Costui era distinto per nobiltà di nascita e ricchezza, ma anche per generosità: egli, ecco, cedette ai parenti tutto il patrimonio. (7) Accusato da essi di non occuparsene, disse infatti: «Perché quindi non ve ne occupate voi?», e finalmente s’appartò e fu assorbito per lo più dallo studio della fisica [tēn tōn phusikōn theōrian] senza darsi pensiero della politica. Ed una volta a colui che gli disse: «Non ti cale per nulla della patria?», rispose: «Taci, a me, ecco, cale eccome della patria» indicando il cielo.

Si dice dunque che al tempo della spedizione di Serse avesse vent’anni e che ne visse settantadue. Afferma dunque Apollodoro nella Cronologia che egli nacque durante la settantesima olimpiade [500-497] e che morì il primo anno dell’ottantottesima [428]. Iniziò dunque a filosofare quando ad Atene era arconte Callia [480], quand’aveva vent’anni, come afferma Demetrio Falereo nella Lista degli arconti; dicono anche che ivi egli trascorse trent’anni.

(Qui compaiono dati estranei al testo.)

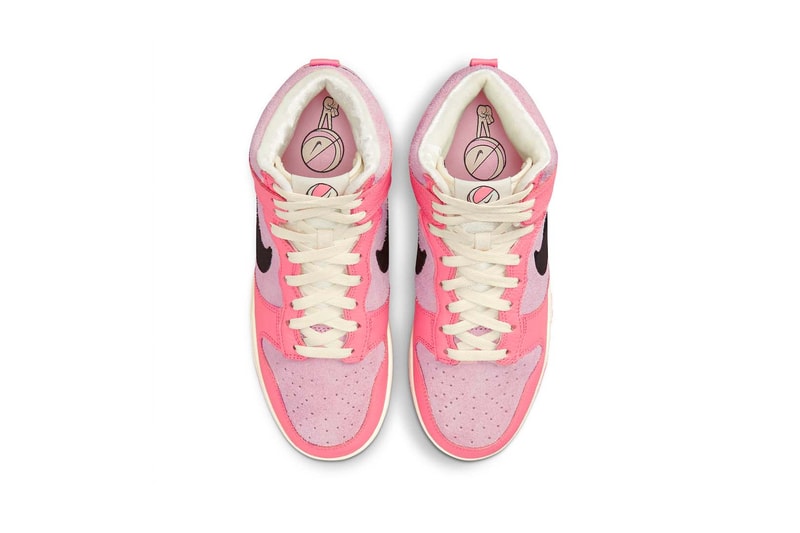 Nike Dunk High Hoops Pink DX3359-600 Price Release Info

(8) Costui disse che il sole è massa di ferro infuocato [fr. 24 Schaubach], più grande anche del Peloponneso (altri dicono Tantalo), mentre la luna ha insediamenti, ma anche creste e forre [cfr. DK 59 B 4]. Disse che principi, ordunque, son le omeomerie: come, infatti, l’oro è costituito [sunestanai] dalle [ek tōn] cosiddette pagliuzze, così dai piccoli corpi omeomeri si è conglomerato il tutto [ek tōn homoiomerōn mikrōn sōmatōn to pan sunkekristhai]. E l’intelletto è principio del movimento [noun men arkhēn kinēseōs], mentre dei corpi i gravi [tōn de sōmatōn ta men barea] occupano [episkhein] lo spazio in basso [ton katō topon], <come la terra>, i leggeri, invece, quello in alto [ta de koupha ton anō], come il fuoco, mentre acqua ed aria il mezzo [to meson]. Così, ecco che sulla terra, che è piatta, il mare ha depositato, essendo stati fatti evaporare dal sole i liquidi. (9) Gli astri invece dapprincipio eran mossi secondo la forma di una cupola, sicché il polo che appariva sempre era la perpendicolare sulla terra, poi invece assunsero l’inclinazione. E la via lattea è un riflesso della luce [degli] astri non offuscati <dal> sole. Le comete, dunque, sono un conglomerato di pianeti emettenti fiamme, e le stelle cadenti son scagliate come scintille dall’aria. I venti si generano quando l’aria è assottigliata dal sole. I tuoni son collisione di nubi, i fulmini sfregamento di nubi, il sisma ritorno dell’aria sulla terra. Gli animali si generano dall’elemento umido, caldo e terroso, poi l’uno dall’altro, e maschi dalla parte destra, femmine, invece, dalla sinistra.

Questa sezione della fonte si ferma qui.